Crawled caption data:
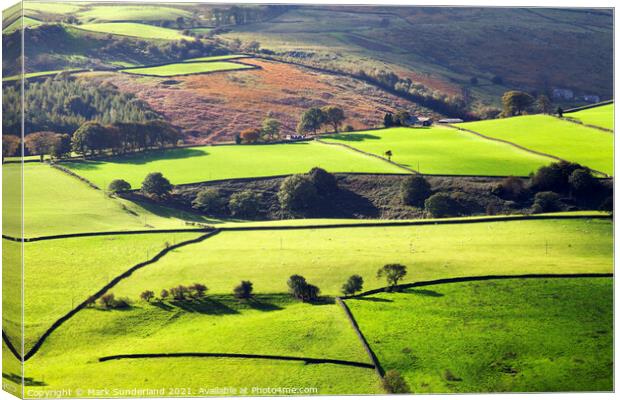 Fields and Dry Stone Walls in Nidderdale Canvas Print by Mark Sunderland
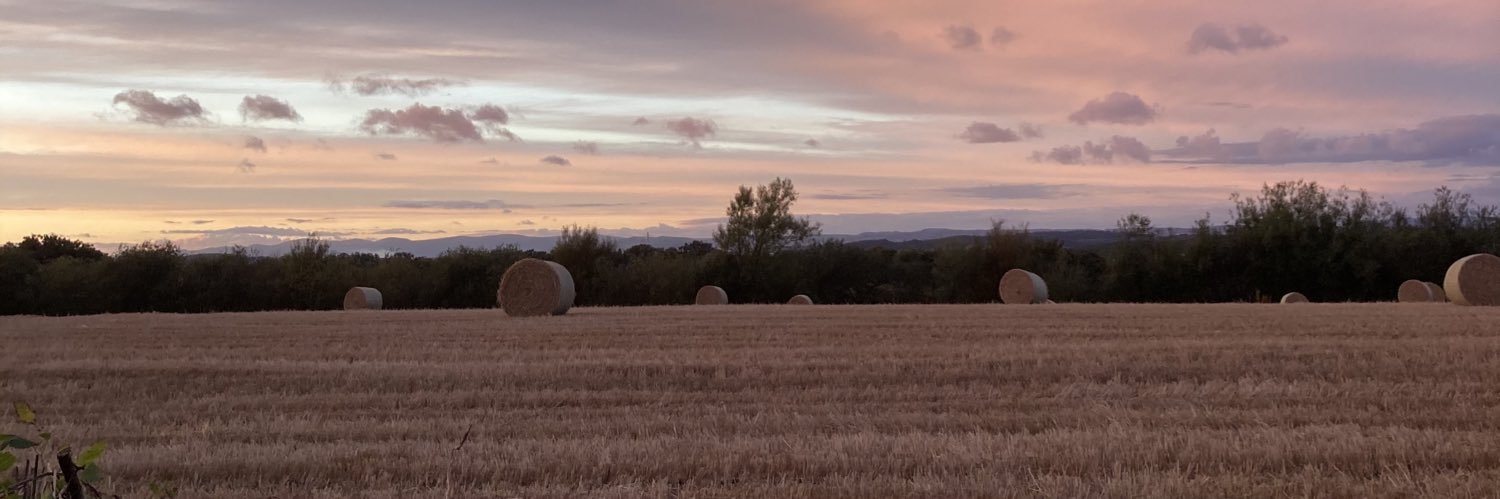 Edinlass's profile banner image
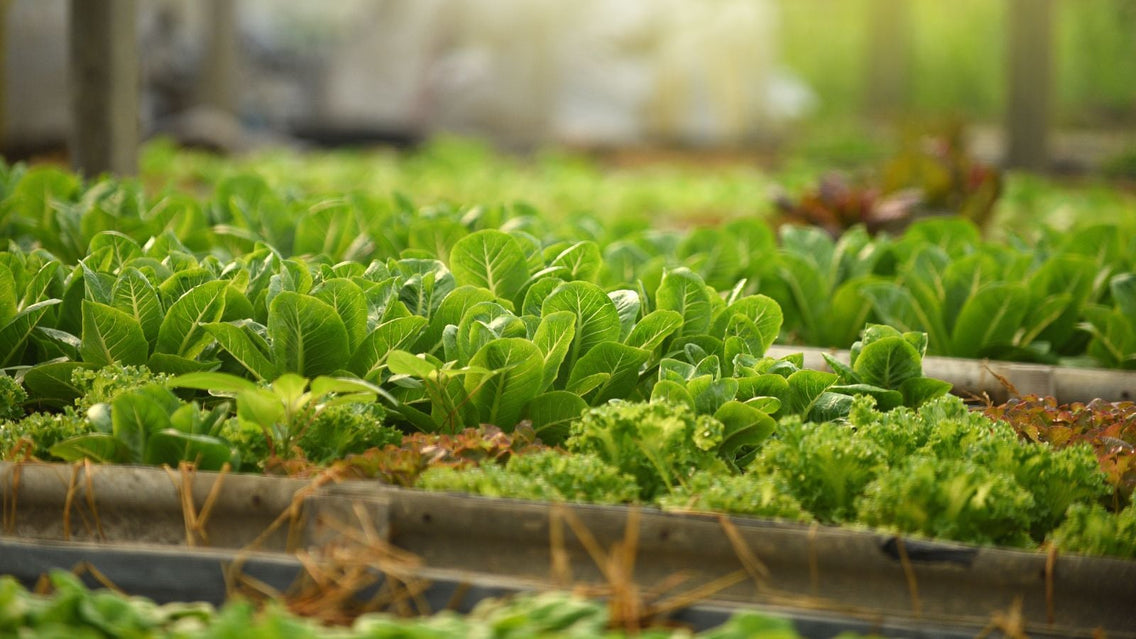 Mini garden plant seeds that produce chibi vegetables, having bright green leaves, placed in containers and compartments that look compact
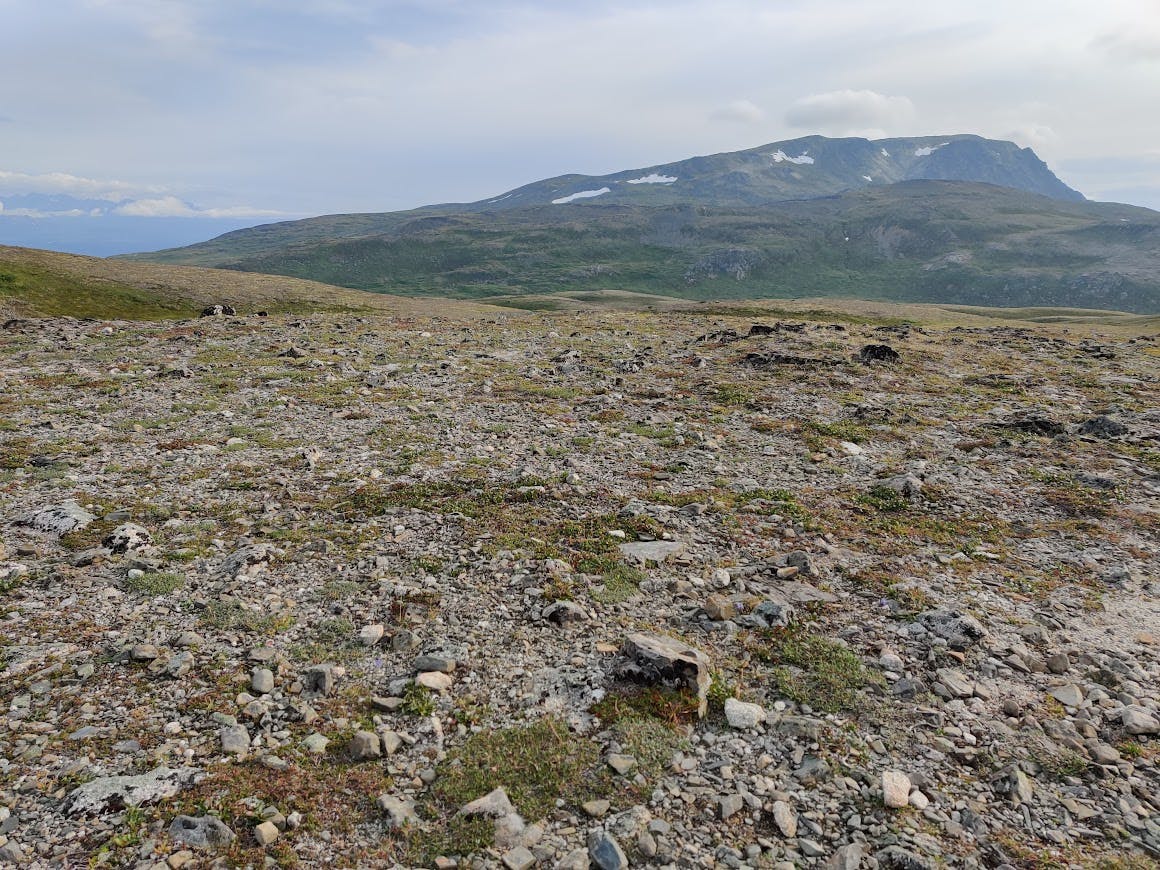 Choose somewere soft, and not too rocky like this field in Denali State Park, in Alaska, when picking a tentsite!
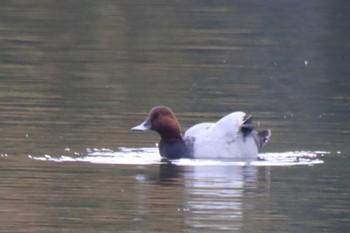 Common Pochard 京都市宝ヶ池公園 Tue, 11/8/2022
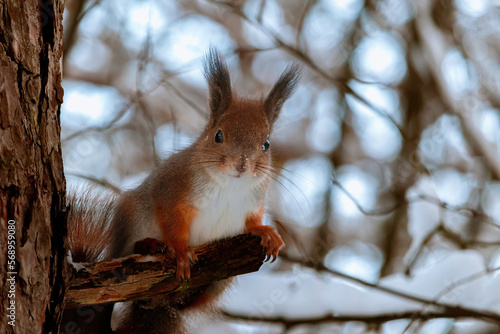 Eurasian red squirrel  Sciurus vulgaris  sits on a snowy tree branch and looks straight at the camera. Squirrel paws with claws. Beautiful background with bokeh. Winter in Eastern Europe  Riga  Latvia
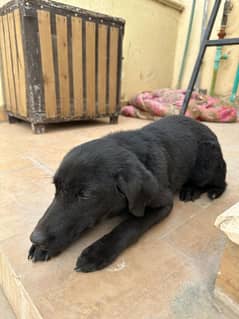 labrador puppy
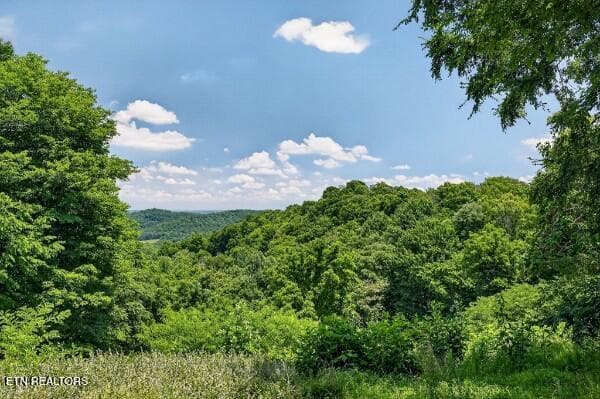 154647788-lr - 99 Judkins Lane, Hickman, TN 38567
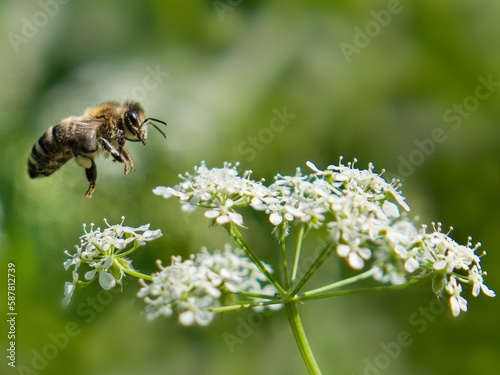 flying bee and white flowers © Lenka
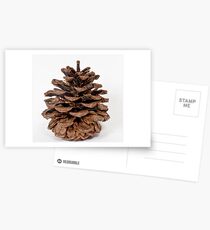 Pine Cone Postcards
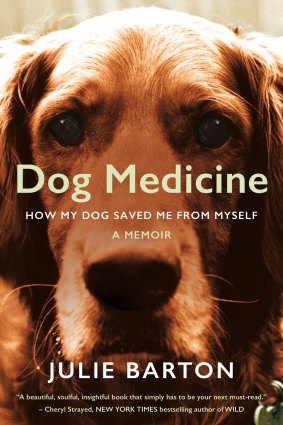 <i>Dog Medicine</i> by Julie Barton.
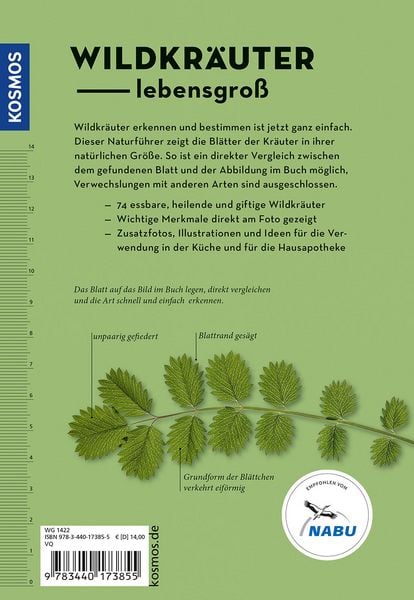 Produktbild: Wildkr&auml;uter am Blatt erkennen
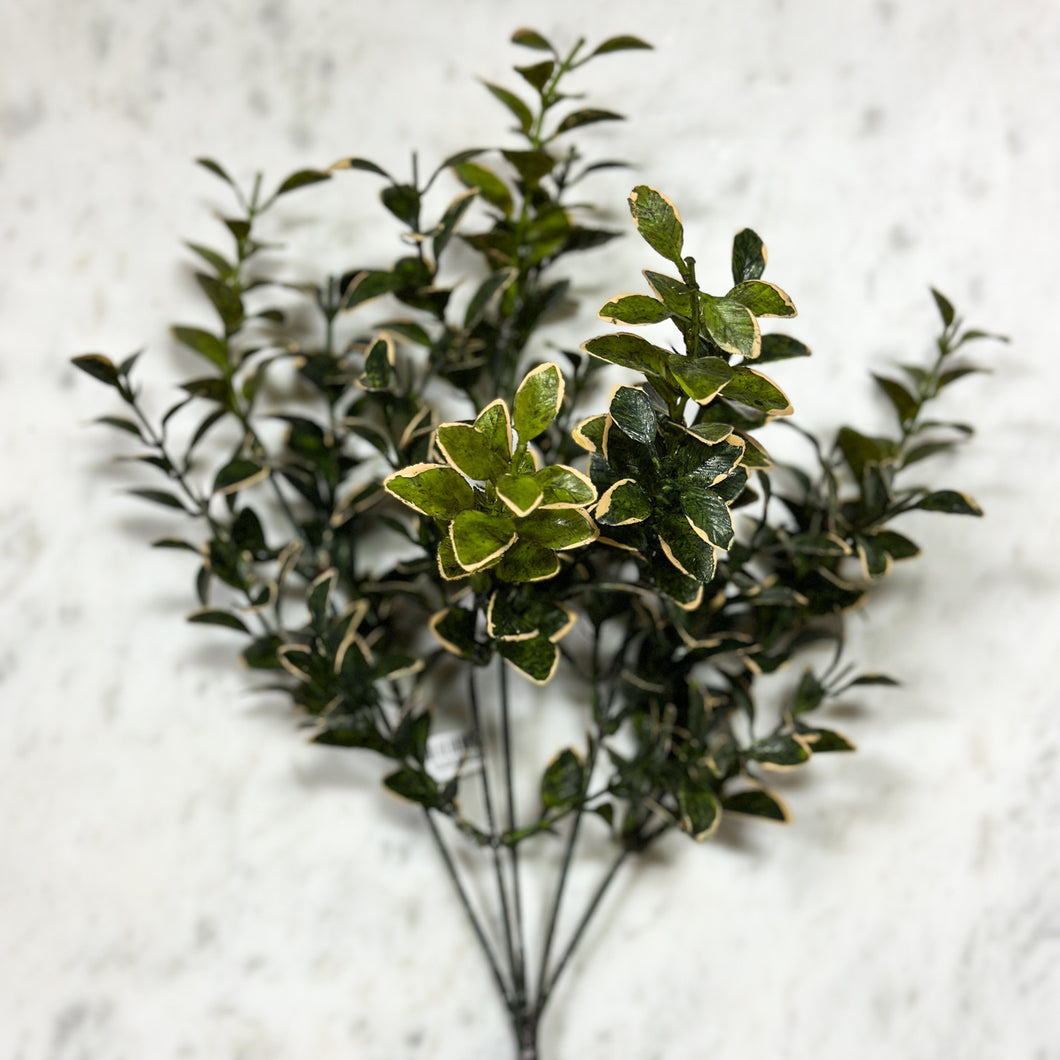 Golden Euonymus Bush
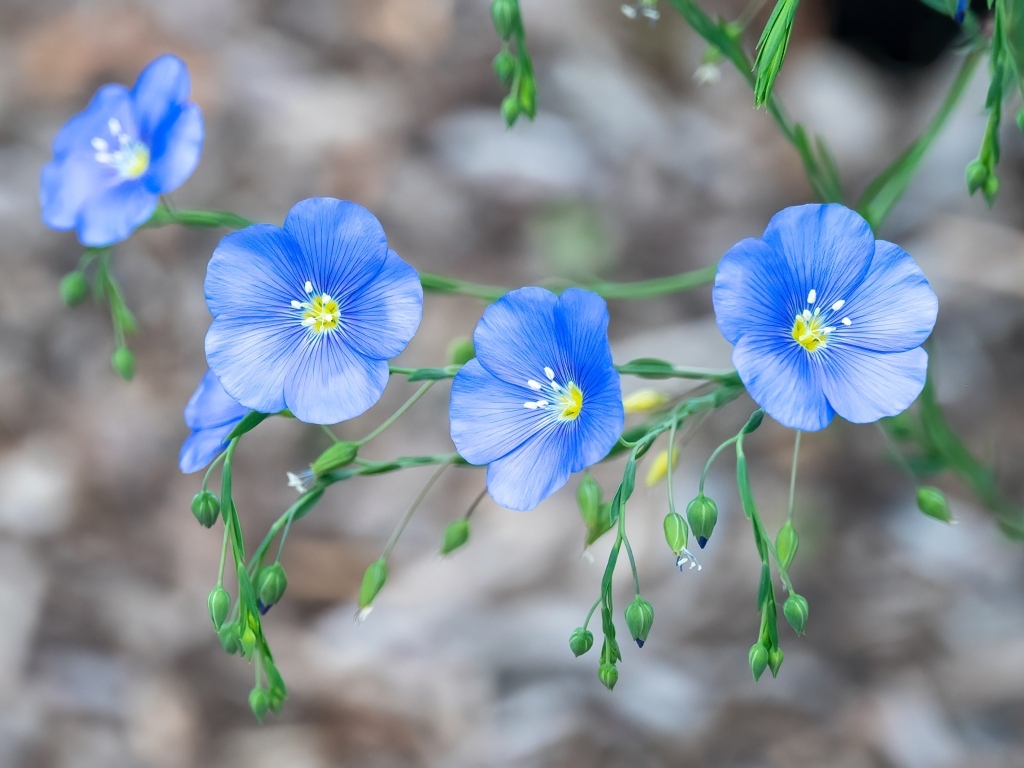 Красивые синие цветы незабудки вблизи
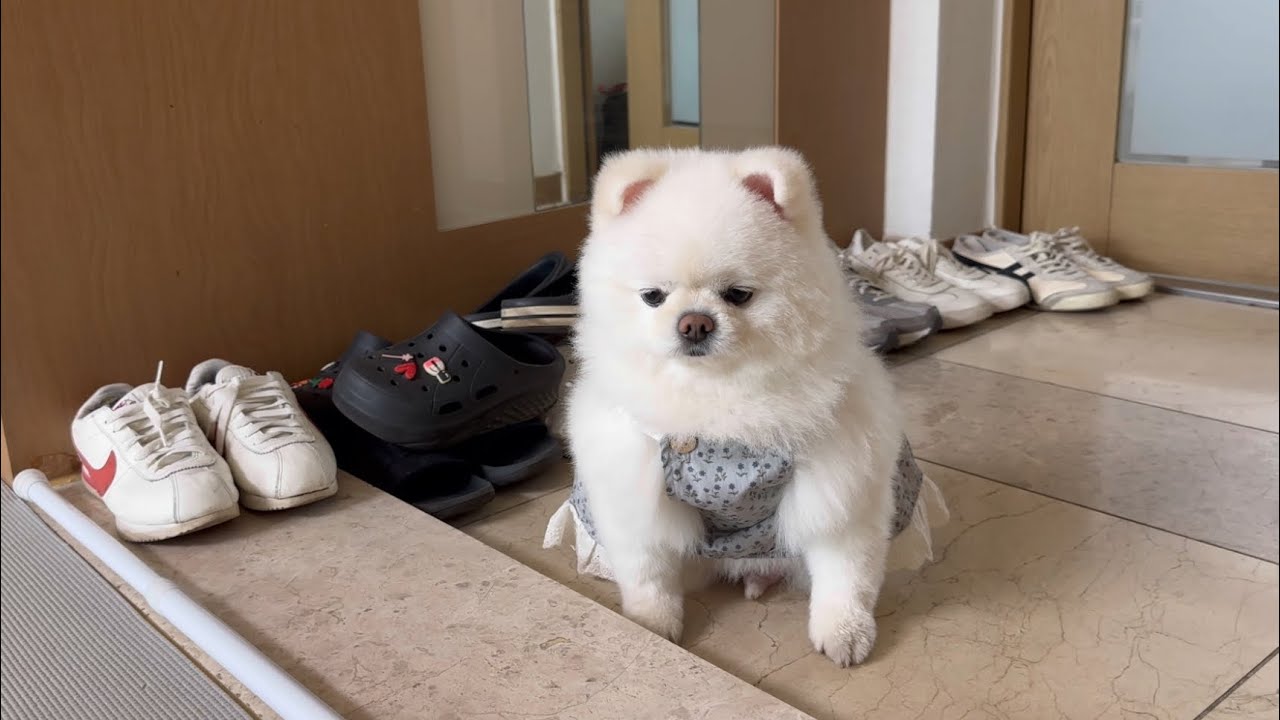 현관에 두고 까맣게 잊어버렸더니 강아지 반응이..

### Exercise objective
The lines above from the line with "Edinlass's profile banner image" through the line with "Choose somewere soft, and" are to be given again word for word, with no pictures among them.

### Task response
 Edinlass's profile banner image
 Mini garden plant seeds that produce chibi vegetables, having bright green leaves, placed in containers and compartments that look compact
 Choose somewere soft, and not too rocky like this field in Denali State Park, in Alaska, when picking a tentsite!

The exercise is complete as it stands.